● Action item
The entries below contain pictures. Write out only the lines from the line with "1980s Dark Green" up to and including the line with "Black Wooden Decorative", exactly, without them.
(Exercise data begins)
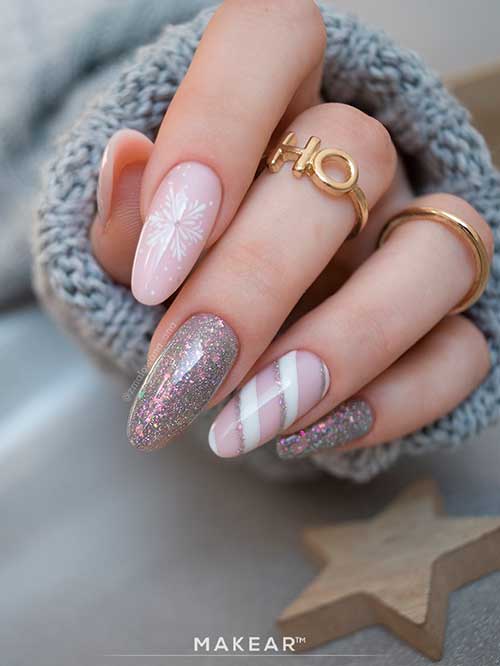 Delicate Winter Nails Medium Round Shaped Nude Winter Nails with Snowflake, Candy Cane, and Glitter Accent Nails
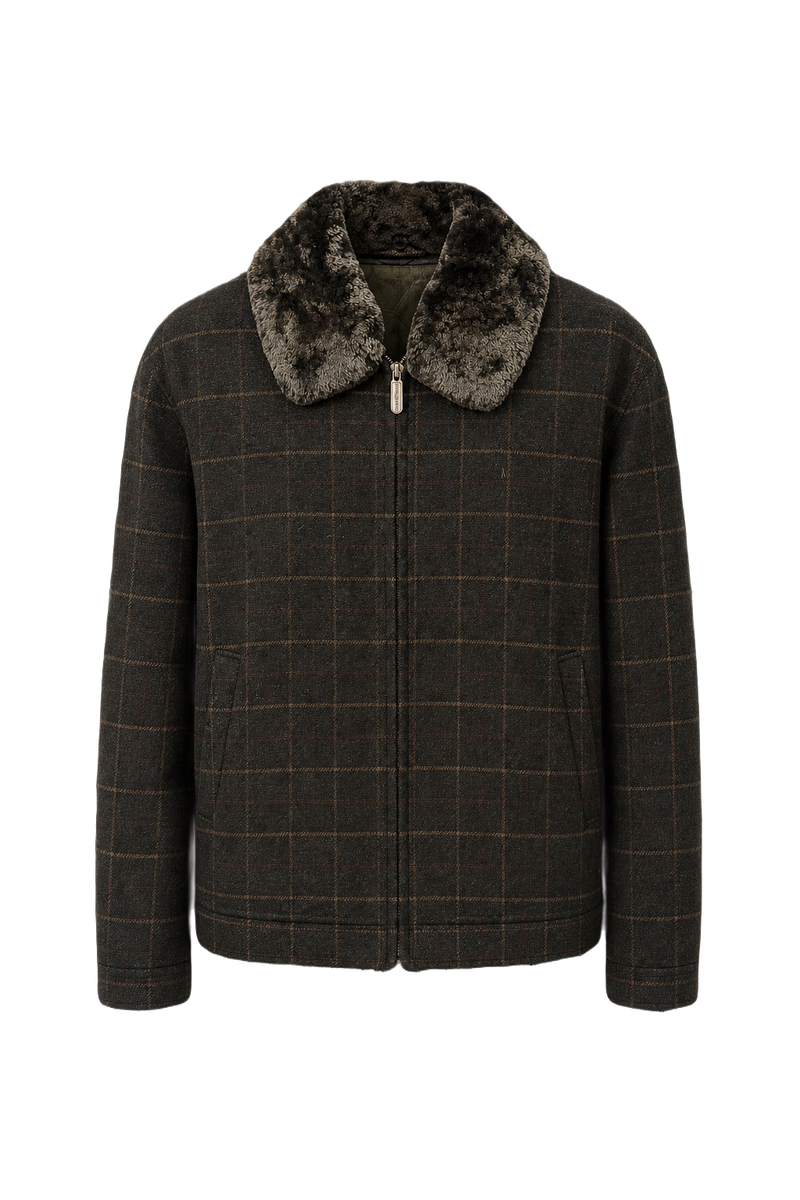 1980s Dark Green Wool Blend Jacket - Front View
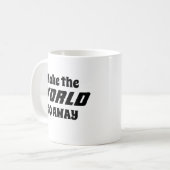 Funny Novelty Office Geschenk machen die Welt weg Kaffeetasse (Vorderseite Links)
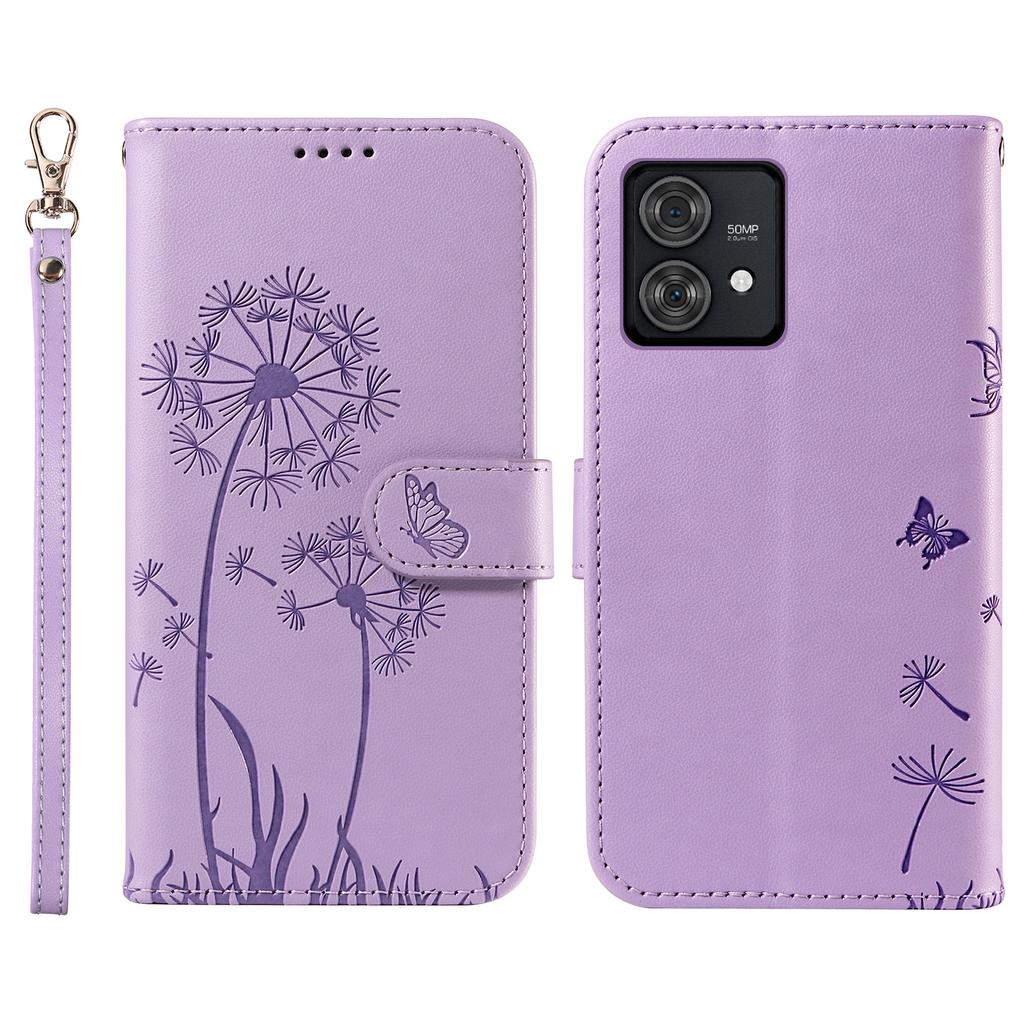 For Motorola Edge 40 Neo 5G Leather Case Wallet Phone Cover Dandelion Imprint
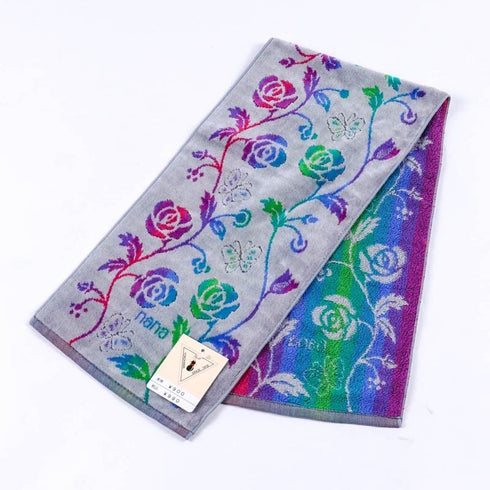 タオル 横浜ナナ 湘南ナナ NANA フェイスタオル ハーフ ローズパピヨン グレー多色 nn-fth9-A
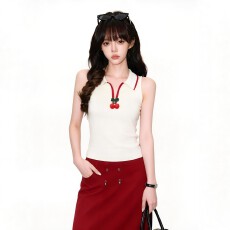 批发小众韩感翻领樱桃无袖T恤女<b class='q'>夏</b>季新款简约舒适感宽松百搭显瘦上衣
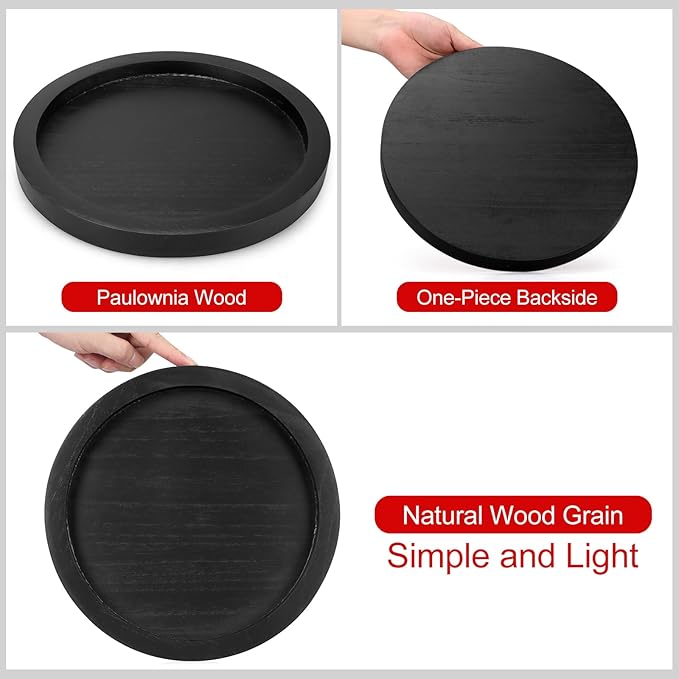 Black Wooden Decorative Trays for Kitchen Counter Living Room Centerpiece | - Image 4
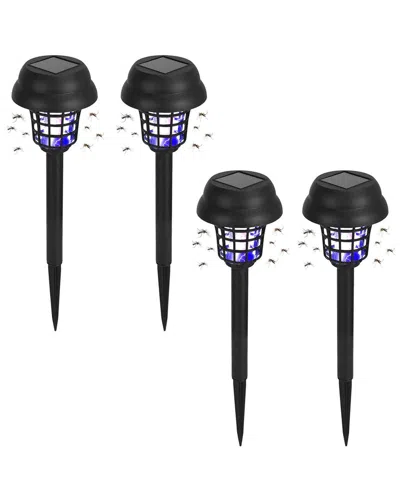 Fresh Fab Finds 4-pack Solar Powered Mosquito Zapper In Black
(Exercise data ends)
● Response to the task
 1980s Dark Green Wool Blend Jacket - Front View
 Funny Novelty Office Geschenk machen die Welt weg Kaffeetasse (Vorderseite Links)
 For Motorola Edge 40 Neo 5G Leather Case Wallet Phone Cover Dandelion Imprint
 タオル 横浜ナナ 湘南ナナ NANA フェイスタオル ハーフ ローズパピヨン グレー多色 nn-fth9-A
 批发小众韩感翻领樱桃无袖T恤女<b class='q'>夏</b>季新款简约舒适感宽松百搭显瘦上衣
 Black Wooden Decorative Trays for Kitchen Counter Living Room Centerpiece | - Image 4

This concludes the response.